■ REQUIRED WORK:
Write out exactly, please, the lines from the one containing "Dermatologista especialista em" to the end of the material.

■ PROVIDED DATA:

· · ·

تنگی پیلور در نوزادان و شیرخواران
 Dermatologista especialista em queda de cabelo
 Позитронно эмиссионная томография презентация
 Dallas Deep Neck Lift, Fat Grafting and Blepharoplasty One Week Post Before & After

· · ·

■ REPLY:
 Dermatologista especialista em queda de cabelo
 Позитронно эмиссионная томография презентация
 Dallas Deep Neck Lift, Fat Grafting and Blepharoplasty One Week Post Before & After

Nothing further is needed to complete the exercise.